A container driver at the same port condemned the attack on Alton workers and said the estate workers had been fighting for a 1,000-rupee basic daily wage for years. “This is a justified and necessary fight,” he said. “Workers can’t even win a reasonable demand like this today because capitalism is in a big crisis.

“The rulers are preparing for military attacks against workers,” he added, and referred to the appointment of a retired army commander to head the Ports Authority. This was part of the militarisation of the country, he said, pointing out that port workers were involved in an ongoing struggle against the privatisation of Colombo port.

A worker from Deeside estate in Upcot said every worker had to support the Alton estate workers’ struggle. “We faced a similar situation in 2016 when our daily workload was increased by two kilograms and so we went on strike without the consent of the trade unions.
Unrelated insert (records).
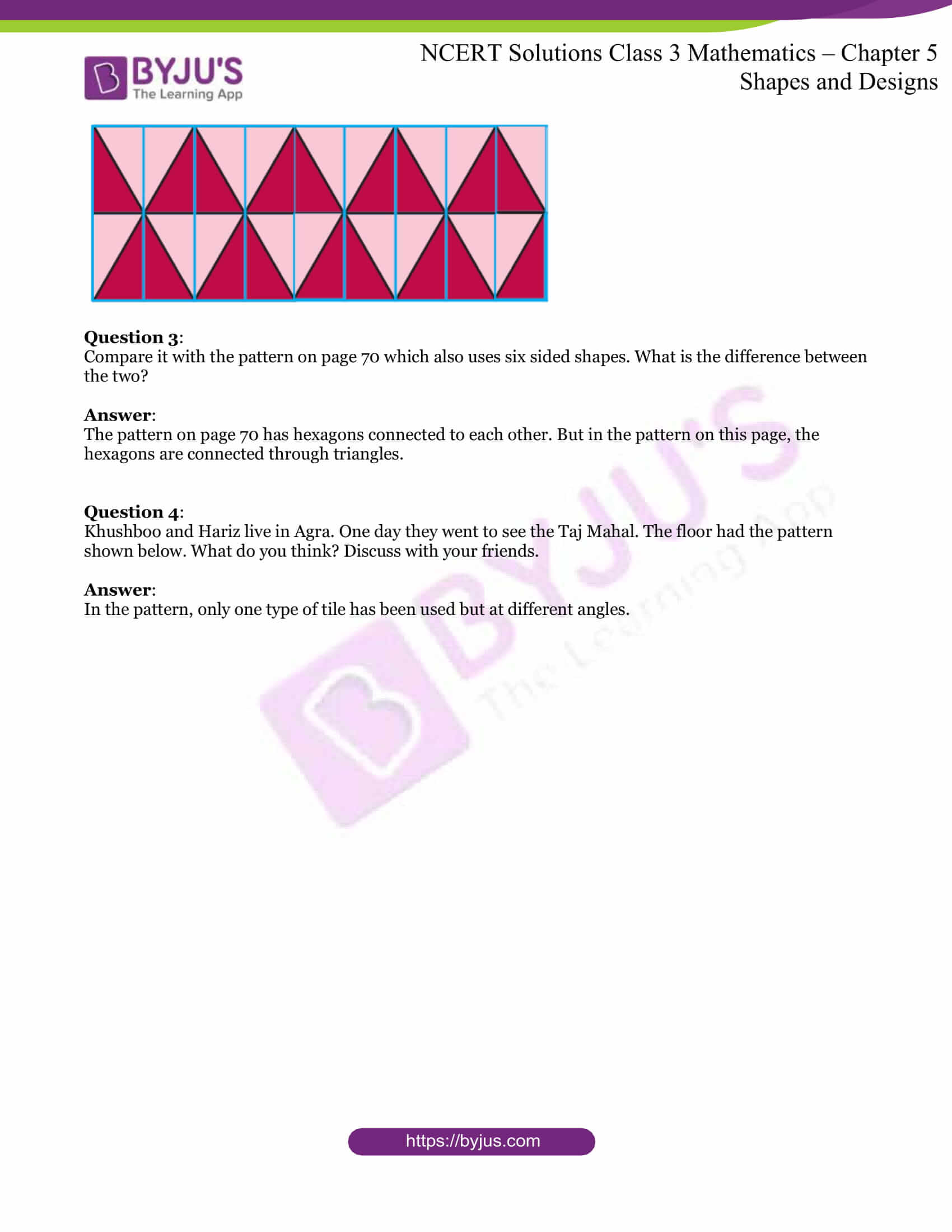 NCERT Solutions Class 3 Maths Chapter 5 Shapes and Designs PDF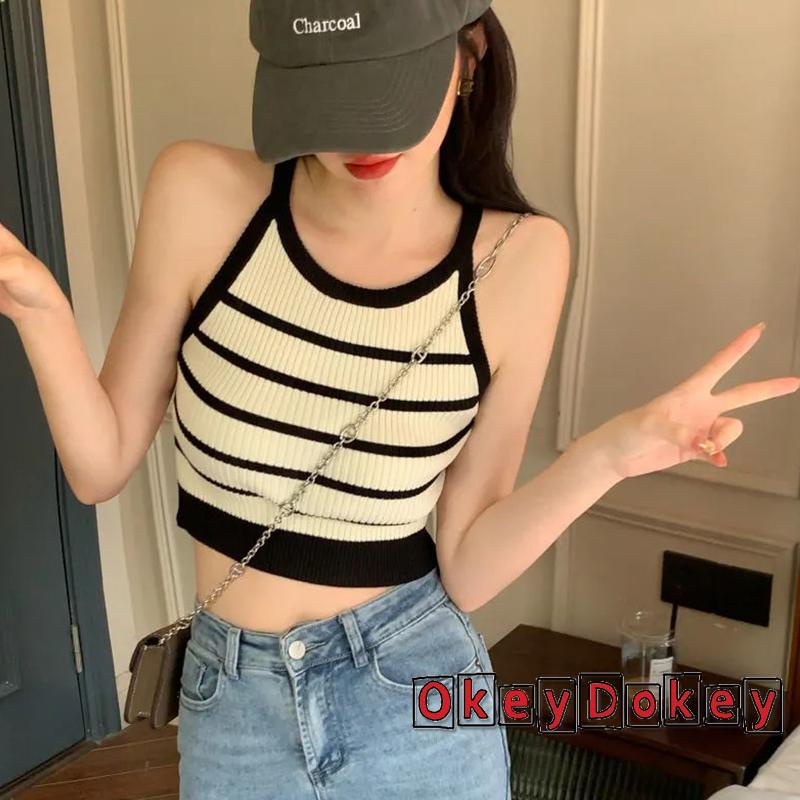 Áo Lửng Không Tay Cổ Tròn Họa Tiết Kẻ Sọc Vintage Cho Nữ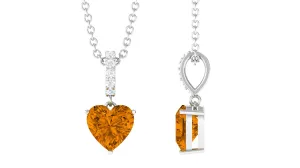 6 MM Heart Shape Citrine Solitaire Pendant with Diamond Accent Bail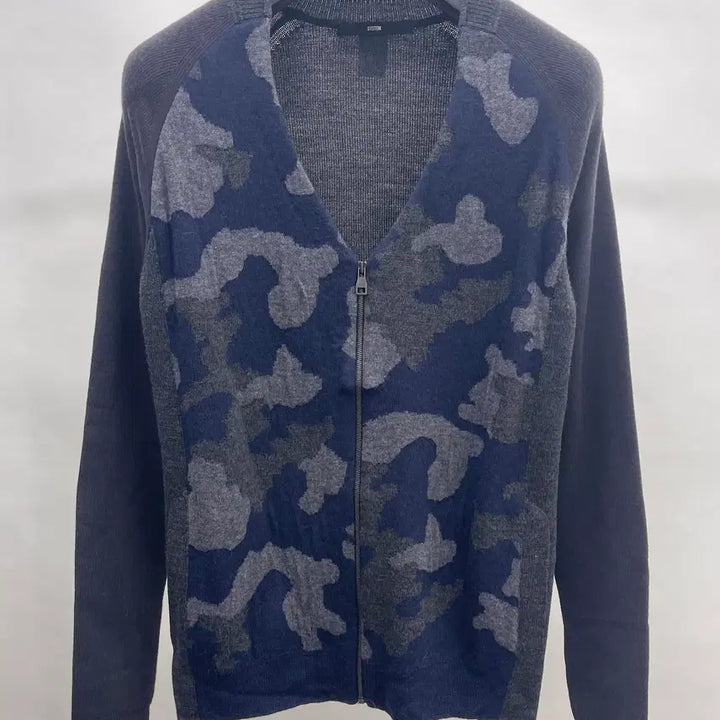 [BUNJANG] System Homme Camouflage Pattern Zip-Up Alpaca Blend Cardigan / 시스템옴므 패턴물가디건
During that struggle seven workers were arrested and were blacklisted from the job. The SEP was the only organisation that supported and defended us through a powerful campaign that won the release of the arrested workers.”

The plantation companies, he continued, have responded to the recent government decision to increase wages to 1,000 rupees per day, by threatening to cut working days to reduce their costs. “We have been fighting for this [1,000-rupee daily wage] since 2015 but all the trade unions have done is betray us.”

A female worker from the same estate explained the difficult working conditions at the plantation. “Most of those arrested from Alton are women workers. Female workers are in the forefront of our wage struggle and we are suffering a lot. Even when we work for eight hours, sometimes we get only half a daily wage because we weren’t able to meet our management production targets.”

She recalled attending an SEP election meeting in the area several years ago and said that she now realised that the party’s program was “100 percent correct.”

A non-academic school worker in Chilaw, in the northwest, was aware of the brutal conditions in the plantations and said it was not different to those during British colonial rule. He condemned the frame-up of the Alton workers and called for their unconditional release.

“The arrest and jailing of workers who are involved a struggle for a living wage shows that the government and the plantation managers are escalating their attacks. This is in response to increasing competition in world markets and an attempt to increase profits by driving up productivity.

“Under conditions of rising coronavirus infections, estate workers and the garment workers are being subjected to brutal exploitation, which is promoted as ‘development’,” he said.

Teachers and non-academic school workers, he explained, had also been forced to work without adequate health and safety measures during the pandemic. Leave approvals were often rejected and the workload was piling up beyond the assigned duties, he added.

A medical doctor from Embilipitiya, a remote southern town, said that he was alarmed after reading a WSWS article on the Alton workers.

“When a lawyer for the company says there is ‘terrorism’ in the estates it is a serious matter. That the ‘terrorist’ label is being used is an indication that the government and the companies are preparing to suppress all estate workers. At the same time, they are trying to communally divide workers…

“I agree with what you propose—that the workers must build their own action committees and organise a common struggle against attacks of the employers and the government,” the doctor said.